Italian and German dive-bombers (including Italian-manned Ju 87 Stukas) try to interdict the Allied supply line. The famous Stukas are intercepted by something new in the desert, Spitfires. More than 60 of them sweep into the Luftwaffe formations, scattering the Stukas. Italian bombers jettison their loads over their own lines and scurry home. Surviving Germans struggle to the target and fly into a wall of AA fire. 24 Axis aircraft were shot down.
Horrified by the destruction, Rommel returns to headquarters. He orders 21st Panzer Division and Ariete to head north and seal off the northward drives. Rommel’s chief of staff, Gen. Siegfried Westphal, points out that this move will consume much fuel. However, the Italian tanker Proserpina is due in Tobruk the following day with 2,500 tons of petrol, followed by the Tergesta, with another 1,000 tons of fuel and 1,000 tons of ammunition.
These ships’ loads will give Rommel an extra six days supply of fuel. Rommel notes that British armor is still poor at fighting mobile battles, but British infantry, artillery, and airpower, are doing a superb job.
That evening, Rommel radios Hitler to request more supplies, saying his army’s survival is in the balance. “We shall lose this battle unless the supply situation improves at once,” he says. But Rommel writes his wife Lucie to say that he is not despairing.
After sunset, 21st Panzer Division moves north, harassed by British night bombers. They cause very few casualties, but slow the panzers’ advance.
The British 7th Motor Brigade moves to its startline near Kidney Ridge, and stars moving 11:30 p.m.
2nd New Zealand Division and 1st South African complete the occupation of the final objective on the forward slope of Miteiriya Ridge.

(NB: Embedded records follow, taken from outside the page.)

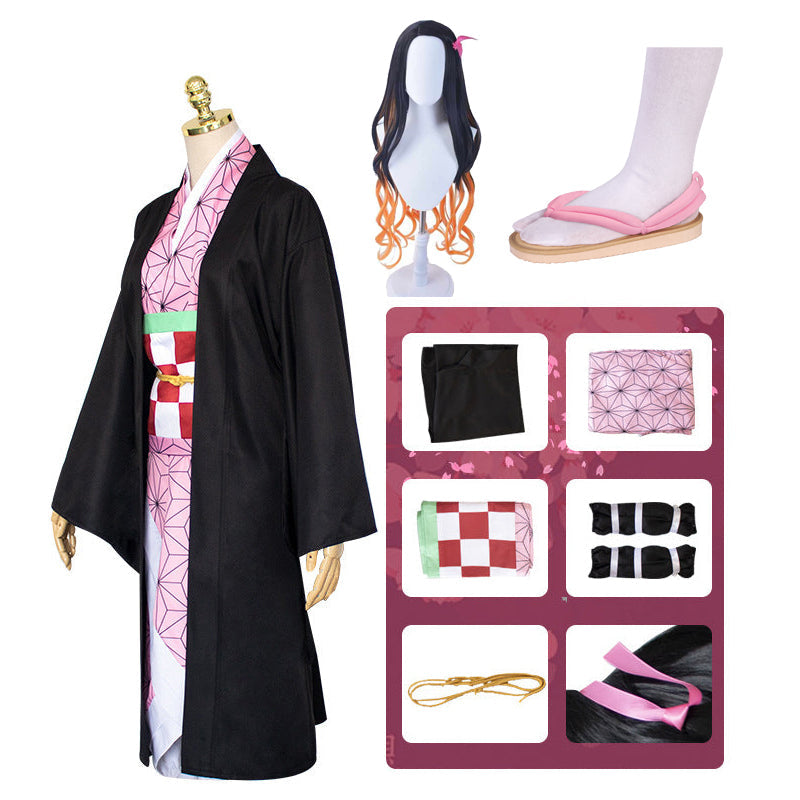 Anime Nezuko Kamado Cosplay Kimono With Wigs and Shoes Full Set Halloween Costume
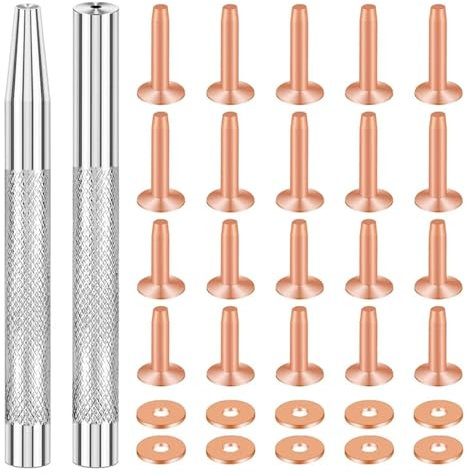 VhoMes Gewindenieten, Nietmuttern, Befestigungsmutter, 20 Stück Kupfernieten und Frässtifte (14 mm und 19 mm) mit 2 Stanznietwerkzeug für Gürtel, Taschen, Halsbänder, Lederhandwerk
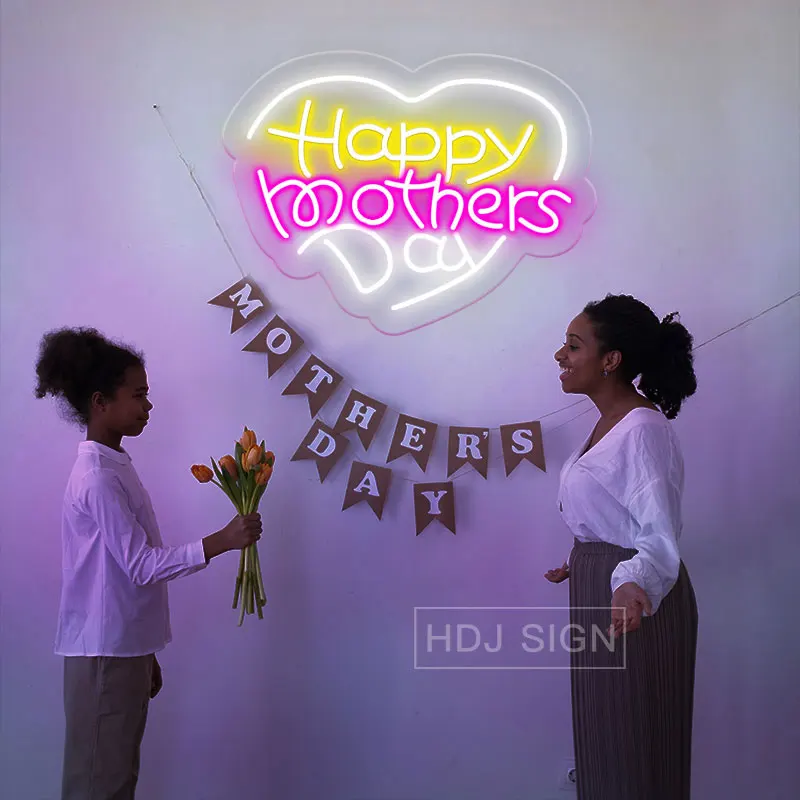 

Неоновые знаки на заказ для Дня матери, настенная акрилосветодиодный светодиодсветильник па, неоновые знаки вечерние ринки, украшения на д...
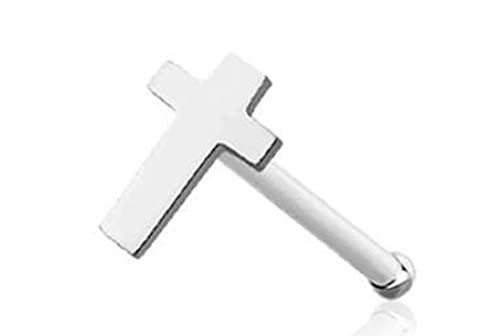 Body Accentz Nasenknochen Ohrstecker flach Kreuz 316L Chirurgenstahl Stab 20g - Bild 2 von 3
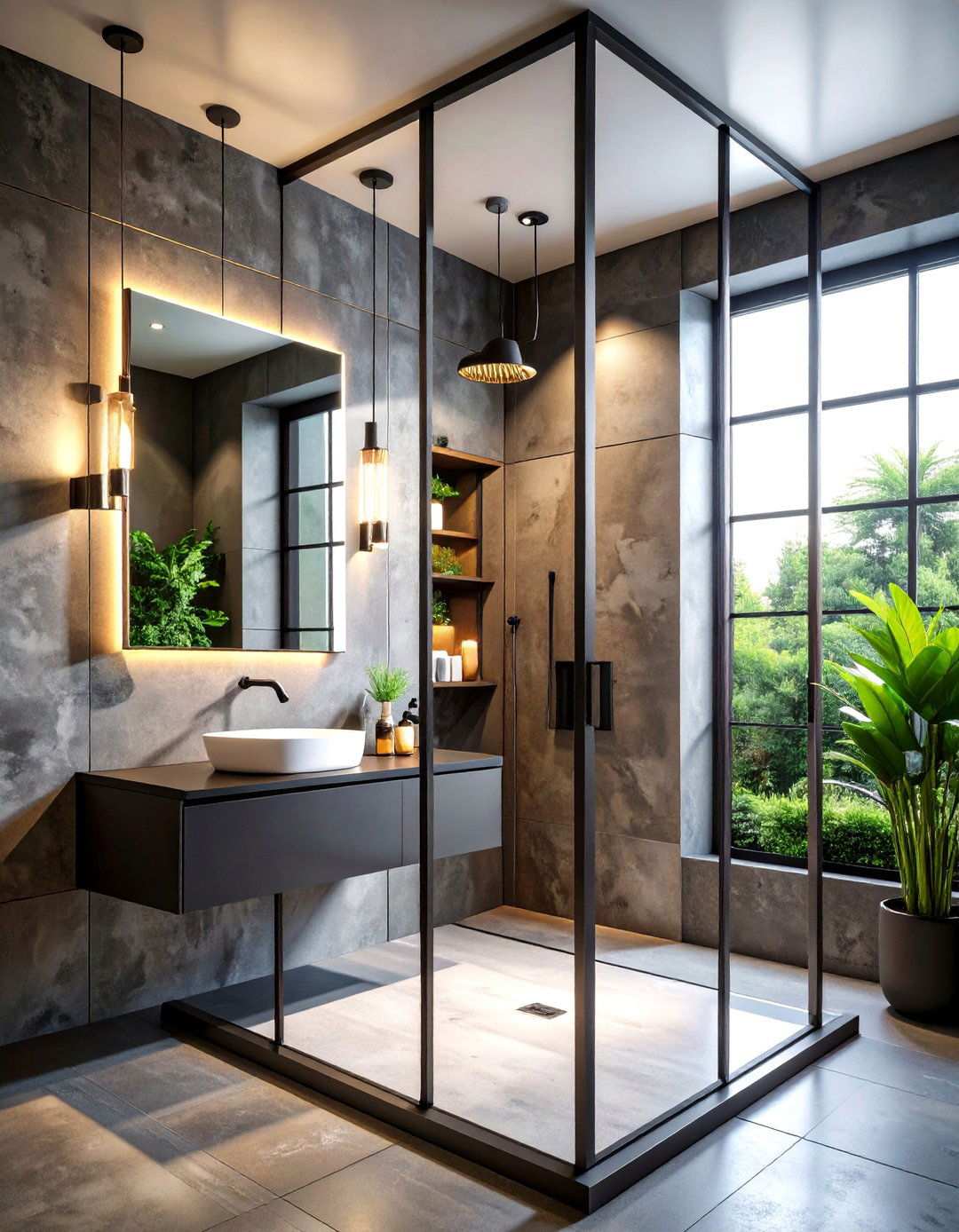 Industrial Modern Metal Frame Niche - 24 Shower Niche Ideas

The South Africans take over the Kiwi front, and 2nd NZ Division withdraws to Alamel Onsol, a few kilometers in the British rear, to recuperate for the next phase of the battle. Under its charter from Wellington, 2nd NZ Division cannot be wasted in static defense. It is designated as an assault force.
On the British side of the line, de Guingand reports the casualty bill to Monty. 30th Corps has lost 4,643 men, 10th Corps 455, and 13th Corps 1,037. The price is not exorbitant, and most of the losses are the hard-working infantry. The Australians have lost about 1,000 men, the New Zealanders the same, and the Scots 2,000. Some New Zealand companies are down to 50 or 60 men. Enemy casualties are estimated at 61,000 men, 530 tanks, and 340 field guns. Montgomery says those numbers are extremely inflated.
The situation is critical. German forces are short of fuel, British tank losses are heavy (though mostly theser knocked out British tanks can be recovered , repaired and get back to battle), and men on both sides are exhausted. But Montgomery still has vast supplies of ammunition and 800 tanks. Artillery duels continue into the night.
Eisenhower drives to London with Mark Clark to brief Churchill on Clark’s journey. Churchill, a veteran of similar harum-scarum escapades in the Boer War, enjoys the story.
In the Clyde, the fast convoy of ships headed for North Africa sets sail. The slow convoy has already departed on the 22nd. 39 vessels with 12 escorts make up the fast force, while the slow group has 46 cargo vessels and 18 escorts. Among the ships in the slow convoy are three Lake Maracaibo (Venezuela) oil tankers modified to land vehicles through their bows. These are the first landing ship tanks, but they can only land M3 Stuart light tanks. Shermans and Grants are just too big to clear the openings.
As the Allied convoys move, German and Italian intelligence goes to work to figure out the Anglo-American moves. The Germans guess that the Allies are headed to relieve Malta or invade Dakar. The Italians, more realistic, suspect a threat to French North Africa, and alert their troops around Tripoli to be ready to move into Tunisia.